The collaboration was teased on the red carpet in Cannes in May, when model Toni Garrn wore one of the designs in the collection, a denim bustier gown with a silk mousseline skirt embroidered with coated denim and feather petals and Swarovski crystals.

While Levi’s has been involved in fashion collaborations before — for instance in tandem with Jeanne Friot, who presents her genderless designs during men’s — it was its first time at Paris Couture Week.

A look from Christelle Kocher's capsule collection for Levi's.

Courtesy of Levi’s

Kocher spent time at Levi’s innovation lab in San Francisco to explore the technical possibilities of different denim weights and treatments, and reinterpreted some of the brand’s classic styles, including 501 jeans, the Trucker II jacket and the Baby Brooklyn bag, to create 10 different looks. Working with artisans at Maison Lemarié and elsewhere in Paris, she cut jeans open at the sides, encrusted them with beads and inserted pleated side panels, for instance.

Elsewhere, denim was used as an adornment, coated and cut into tiny rectangles and stitched onto a gown, for example. Shirt-weight denim was pleated meticulously to enhance the bust, while three-dimensional capes were sculpted from denim and mousseline cutouts, died and fringed then embroidered on with feathers and beads.
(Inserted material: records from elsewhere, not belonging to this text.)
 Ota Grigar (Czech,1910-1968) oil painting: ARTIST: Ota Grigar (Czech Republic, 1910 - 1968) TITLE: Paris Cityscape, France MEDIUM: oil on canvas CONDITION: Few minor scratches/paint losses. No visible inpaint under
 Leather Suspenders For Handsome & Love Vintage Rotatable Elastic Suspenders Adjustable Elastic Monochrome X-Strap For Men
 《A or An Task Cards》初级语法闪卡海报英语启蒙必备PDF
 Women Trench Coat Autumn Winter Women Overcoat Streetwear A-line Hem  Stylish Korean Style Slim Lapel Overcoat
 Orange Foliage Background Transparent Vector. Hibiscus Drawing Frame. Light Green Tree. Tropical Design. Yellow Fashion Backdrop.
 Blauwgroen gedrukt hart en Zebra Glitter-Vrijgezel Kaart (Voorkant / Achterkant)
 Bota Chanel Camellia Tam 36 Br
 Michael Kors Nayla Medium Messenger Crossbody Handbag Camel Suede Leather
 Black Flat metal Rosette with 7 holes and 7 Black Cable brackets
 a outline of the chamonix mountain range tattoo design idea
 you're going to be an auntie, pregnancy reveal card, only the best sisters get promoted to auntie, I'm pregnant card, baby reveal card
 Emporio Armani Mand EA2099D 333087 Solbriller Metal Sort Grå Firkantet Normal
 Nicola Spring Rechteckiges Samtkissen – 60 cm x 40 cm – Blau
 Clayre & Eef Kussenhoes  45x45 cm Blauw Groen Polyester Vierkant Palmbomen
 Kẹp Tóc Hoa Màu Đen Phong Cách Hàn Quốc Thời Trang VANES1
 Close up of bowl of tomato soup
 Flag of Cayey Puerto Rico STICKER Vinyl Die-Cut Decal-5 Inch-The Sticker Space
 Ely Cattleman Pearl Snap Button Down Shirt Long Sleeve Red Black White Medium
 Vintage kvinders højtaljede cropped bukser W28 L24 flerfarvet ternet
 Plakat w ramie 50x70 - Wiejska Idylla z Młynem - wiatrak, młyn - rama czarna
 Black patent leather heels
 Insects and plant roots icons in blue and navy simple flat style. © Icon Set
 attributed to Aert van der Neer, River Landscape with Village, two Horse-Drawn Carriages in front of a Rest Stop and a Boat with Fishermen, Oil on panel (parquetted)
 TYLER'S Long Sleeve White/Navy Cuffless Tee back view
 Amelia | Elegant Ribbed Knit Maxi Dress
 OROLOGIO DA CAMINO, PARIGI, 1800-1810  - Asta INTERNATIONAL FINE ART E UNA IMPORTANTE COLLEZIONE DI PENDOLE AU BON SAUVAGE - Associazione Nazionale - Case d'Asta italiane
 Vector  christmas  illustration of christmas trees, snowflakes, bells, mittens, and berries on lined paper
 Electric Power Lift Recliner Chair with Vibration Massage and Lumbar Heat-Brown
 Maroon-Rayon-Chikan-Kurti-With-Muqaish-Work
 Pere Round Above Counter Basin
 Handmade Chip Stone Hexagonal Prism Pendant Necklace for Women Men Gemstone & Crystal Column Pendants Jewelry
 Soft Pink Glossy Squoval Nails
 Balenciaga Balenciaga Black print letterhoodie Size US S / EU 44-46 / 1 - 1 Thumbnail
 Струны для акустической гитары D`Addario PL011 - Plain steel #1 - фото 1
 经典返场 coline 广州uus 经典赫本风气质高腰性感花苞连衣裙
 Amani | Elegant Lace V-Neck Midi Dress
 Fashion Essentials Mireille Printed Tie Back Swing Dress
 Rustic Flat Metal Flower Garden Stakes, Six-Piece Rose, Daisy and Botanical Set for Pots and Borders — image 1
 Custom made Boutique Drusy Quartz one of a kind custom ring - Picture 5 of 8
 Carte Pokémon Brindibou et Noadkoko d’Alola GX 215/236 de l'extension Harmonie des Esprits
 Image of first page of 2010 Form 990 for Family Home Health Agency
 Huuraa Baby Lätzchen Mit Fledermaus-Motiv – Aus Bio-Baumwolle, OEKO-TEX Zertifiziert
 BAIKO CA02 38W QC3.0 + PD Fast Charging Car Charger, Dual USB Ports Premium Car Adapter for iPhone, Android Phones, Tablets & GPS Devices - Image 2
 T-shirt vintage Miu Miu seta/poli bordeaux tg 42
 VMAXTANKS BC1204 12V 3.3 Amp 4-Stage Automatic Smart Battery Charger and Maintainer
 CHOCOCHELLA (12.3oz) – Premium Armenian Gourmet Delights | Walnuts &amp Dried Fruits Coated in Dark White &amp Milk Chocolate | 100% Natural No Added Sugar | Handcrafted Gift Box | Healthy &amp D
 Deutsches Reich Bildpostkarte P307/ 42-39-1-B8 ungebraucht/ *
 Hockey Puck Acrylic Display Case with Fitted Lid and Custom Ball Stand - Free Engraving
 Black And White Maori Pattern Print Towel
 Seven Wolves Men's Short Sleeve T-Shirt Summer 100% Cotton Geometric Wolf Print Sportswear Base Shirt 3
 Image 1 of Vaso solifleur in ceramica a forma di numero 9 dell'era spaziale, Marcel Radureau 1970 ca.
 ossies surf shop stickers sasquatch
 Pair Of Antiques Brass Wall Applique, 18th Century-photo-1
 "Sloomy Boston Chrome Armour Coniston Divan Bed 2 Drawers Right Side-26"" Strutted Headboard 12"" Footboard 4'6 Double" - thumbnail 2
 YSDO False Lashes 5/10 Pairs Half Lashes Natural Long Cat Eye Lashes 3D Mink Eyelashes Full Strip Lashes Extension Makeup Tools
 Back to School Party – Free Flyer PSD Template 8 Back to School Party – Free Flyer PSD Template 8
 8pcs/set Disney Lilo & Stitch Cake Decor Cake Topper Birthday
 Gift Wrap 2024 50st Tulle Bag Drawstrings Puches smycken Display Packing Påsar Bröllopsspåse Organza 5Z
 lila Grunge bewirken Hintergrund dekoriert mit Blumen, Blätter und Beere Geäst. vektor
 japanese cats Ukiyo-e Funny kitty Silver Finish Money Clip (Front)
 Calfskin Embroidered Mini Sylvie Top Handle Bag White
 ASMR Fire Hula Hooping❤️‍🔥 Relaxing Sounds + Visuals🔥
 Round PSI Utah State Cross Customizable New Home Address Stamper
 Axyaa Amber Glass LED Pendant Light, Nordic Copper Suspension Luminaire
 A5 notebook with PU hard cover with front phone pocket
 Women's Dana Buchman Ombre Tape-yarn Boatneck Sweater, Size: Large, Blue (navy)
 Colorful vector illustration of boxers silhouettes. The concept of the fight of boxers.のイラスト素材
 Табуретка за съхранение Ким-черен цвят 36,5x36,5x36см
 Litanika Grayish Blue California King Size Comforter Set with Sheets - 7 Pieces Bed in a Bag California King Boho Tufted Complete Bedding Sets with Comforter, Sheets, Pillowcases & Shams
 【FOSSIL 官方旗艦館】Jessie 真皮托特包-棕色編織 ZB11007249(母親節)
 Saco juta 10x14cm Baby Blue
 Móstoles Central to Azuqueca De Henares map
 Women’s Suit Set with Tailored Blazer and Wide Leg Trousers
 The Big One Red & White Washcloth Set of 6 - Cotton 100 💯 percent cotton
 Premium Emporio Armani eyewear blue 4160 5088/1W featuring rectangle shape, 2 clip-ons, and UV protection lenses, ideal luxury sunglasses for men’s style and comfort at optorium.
Certain pieces necessitated more than 300 hours work, Kocher said.

Time-consuming though the project has been, the designer, who champions a “couture-à-porter” approach, continues to work on custom projects under her Koché label, with which she has sat out showing for the past few seasons but is planning a public comeback in 2027. “I’m actively working on a new chapter for Koché,” she said. “You’ll know more early next year.”